Claude 3.7 Sonnet and Claude Code

1. azinman2 ◴[24 Feb 25 18:56 UTC] No.43163378[source]▶

To me the biggest surprise was seeking grok dominate in all of their published benchmarks. I haven’t seen any benchmarks of it yet (which I take with a giant heap of salt), but it’s still interesting nevertheless.

I’m rooting for Anthropic.

replies(4): >>43163397 #>>43163430 #>>43163485 #>>43163938 #

2. pertymcpert ◴[24 Feb 25 18:58 UTC] No.43163397[source]▶

>>43163378 (TP) #

Indeed. I wonder what the architecture for Claude and Grok3 is. If they're still dense models was the MoE excitement with R1 was a tad premature...

3. phillipcarter ◴[24 Feb 25 19:01 UTC] No.43163430[source]▶

>>43163378 (TP) #

Neither a statement for or against Grok or Anthropic:

I've now just taken to seeing benchmarks as pretty lines or bars on a chart that are in no way reflective of actual ability for my use cases. Claude has consistently scored lower on some benchmarks for me, but when I use it in a real-world codebase, it's consistently been the only one that doesn't veer off course or "feel wrong". The others do. I can't quantify it, but that's how it goes.

replies(1): >>43163491 #

4. viccis ◴[24 Feb 25 19:04 UTC] No.43163485[source]▶

>>43163378 (TP) #

Yeah, putting it on the opposite side of that comparison chart was a sleezy but likely effective move.

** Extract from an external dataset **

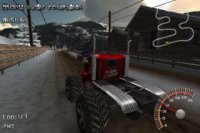 Cкриншот MonsterTruck Rally, изображение № 970257 - RAWG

5. vessenes ◴[24 Feb 25 19:05 UTC] No.43163491[source]▶

>>43163430 #

O1 pro is excellent at figuring out complex stuff that Claude misses. It’s my go to mid level debug assistant when Claude spins

replies(3): >>43167331 #>>43169432 #>>43173437 #

6. koakuma-chan ◴[24 Feb 25 19:39 UTC] No.43163938[source]▶

>>43163378 (TP) #

Grok does the most thinking out of all models I tried (it can think for 2+ minutes), and that's why it is so good, though I haven't tried Claude 3.7 yet.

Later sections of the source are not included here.